Segment Open

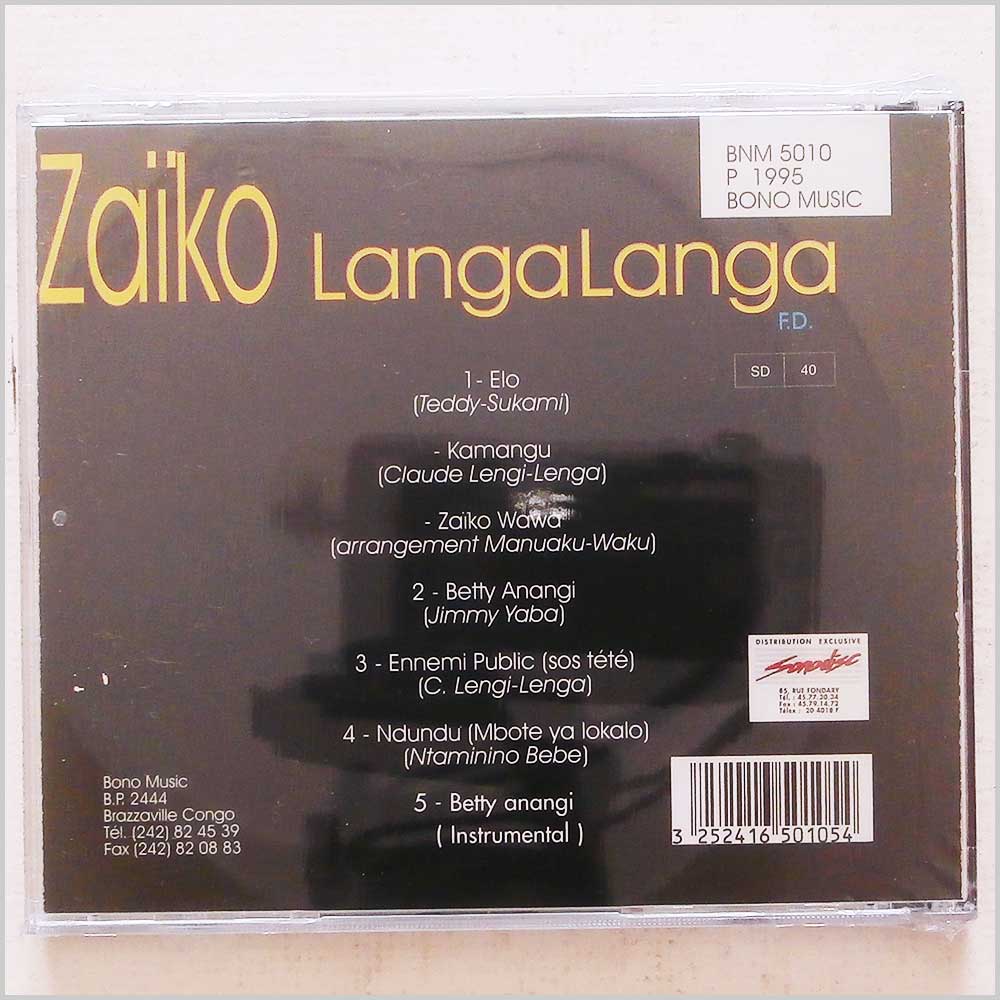 Zaiko Langa Langa - Surchoc (3252416501054)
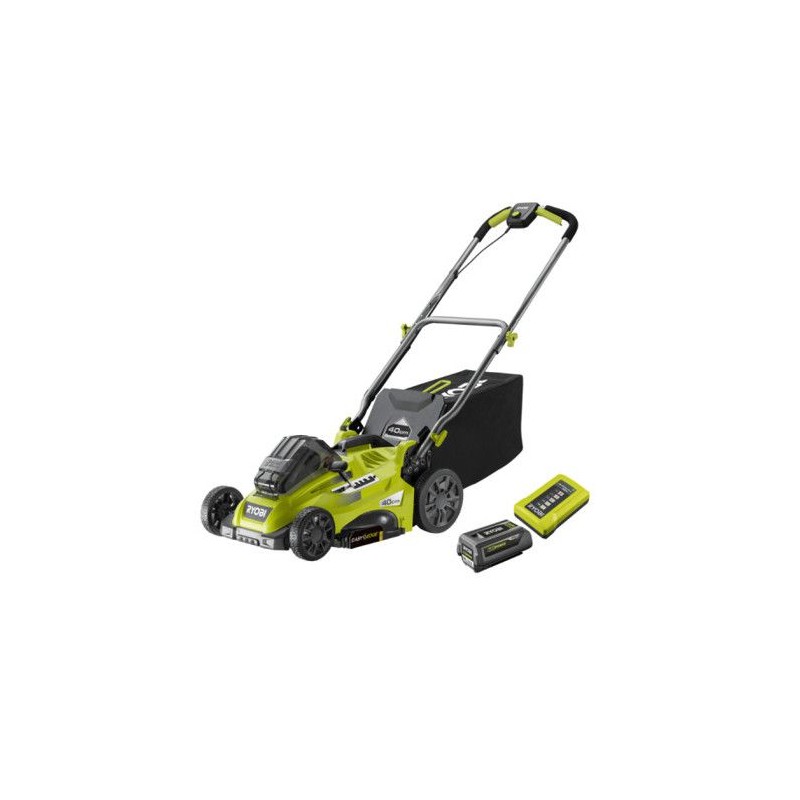 RYOBI - Tondeuse poussée 36V - Ø coupe 40 cm - ramassage et mulching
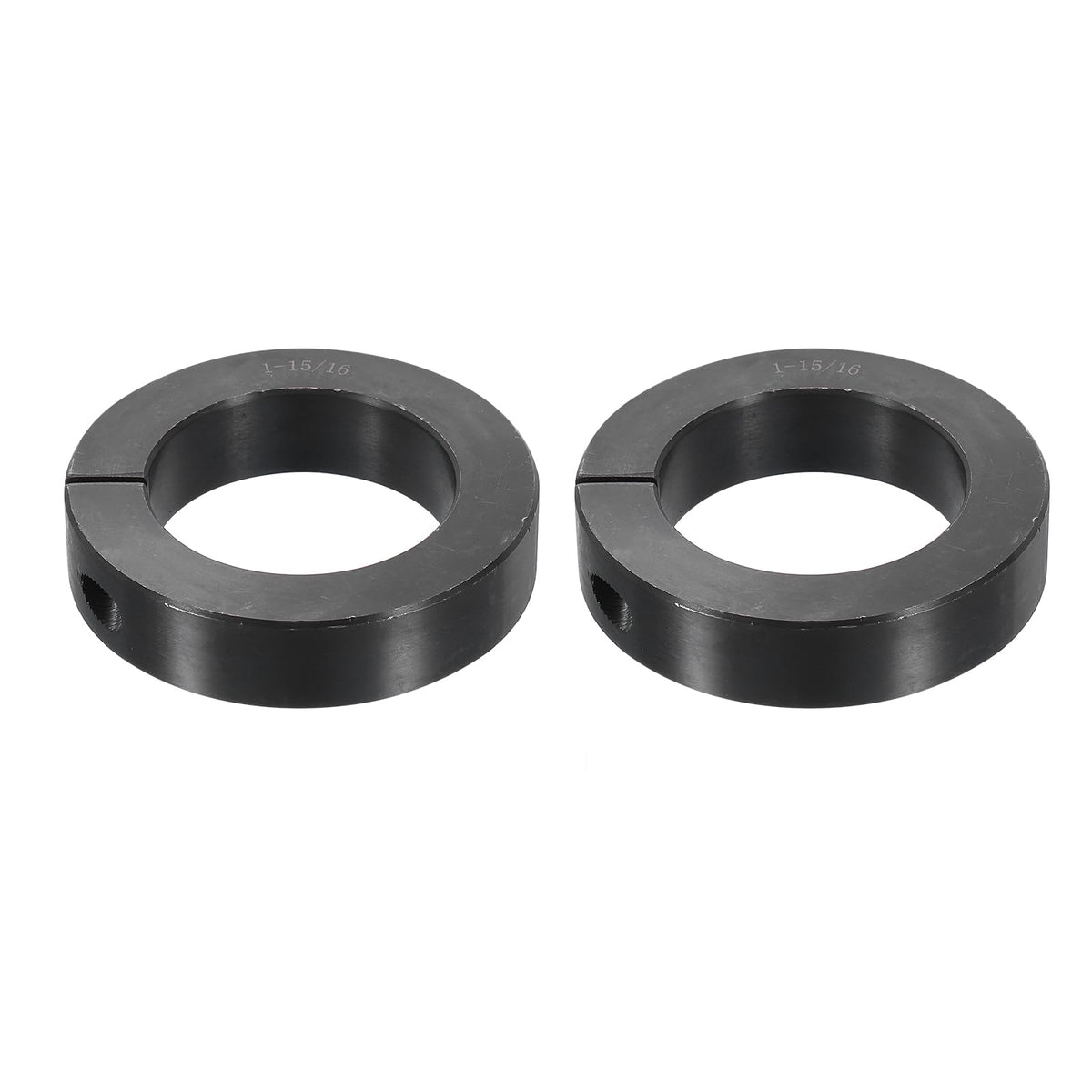 uxcell 2pcs Single Split Shaft Collar 1-15/16" Bore, Black Oxide Steel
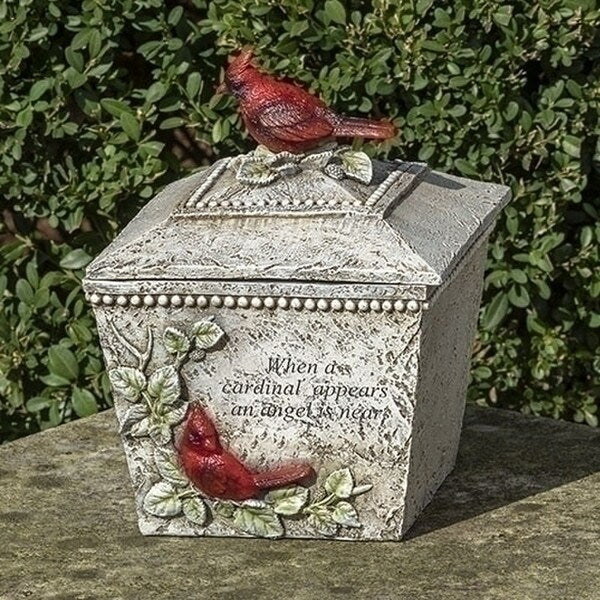 Cardinal Memorial Box with Verse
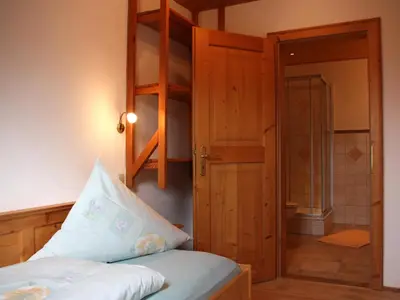 Ein Bett oder Betten in einem Zimmer der Unterkunft Jaklhof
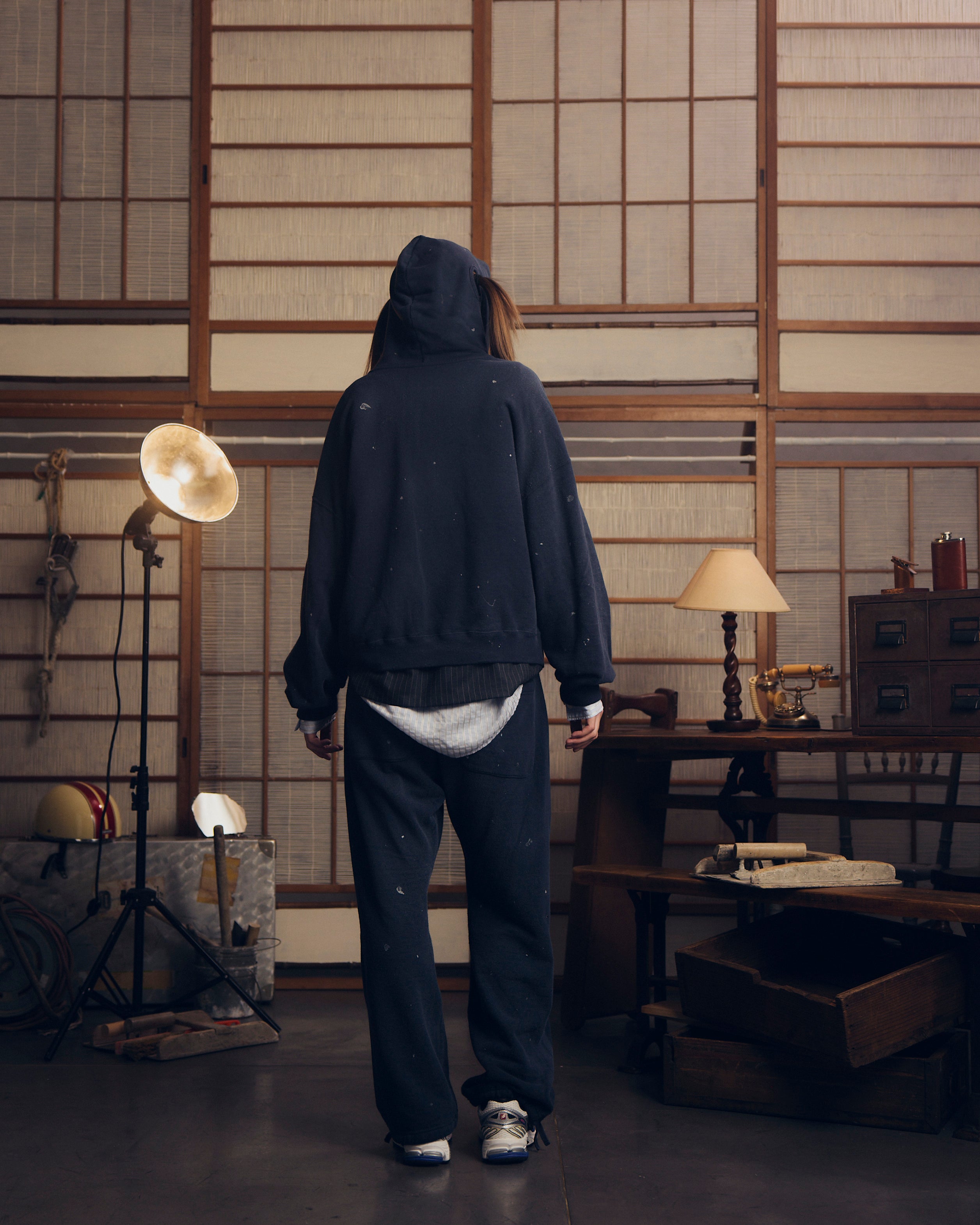 REFOMED / FRESH MAN SWEAT PANTS - Navy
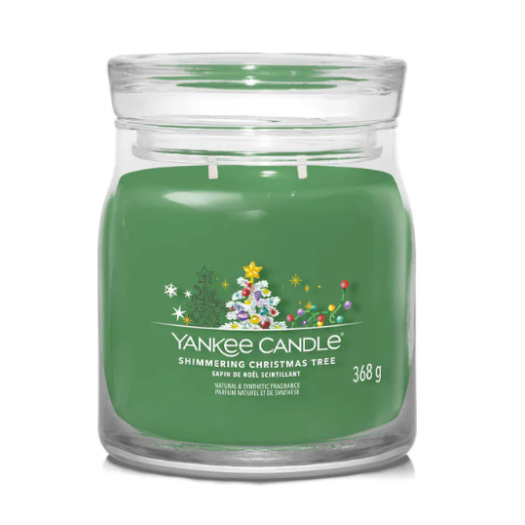 Yankee Shimmering Xmas Tree candle, 368g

Segment Closed

### Task details
Nothing but the lines from the one containing "Cardinal Memorial Box with Verse" through the end of the entries should be written out, exactly and without pictures.

### Result of this exercise
 Cardinal Memorial Box with Verse
 Ein Bett oder Betten in einem Zimmer der Unterkunft Jaklhof
 REFOMED / FRESH MAN SWEAT PANTS - Navy
 Yankee Shimmering Xmas Tree candle, 368g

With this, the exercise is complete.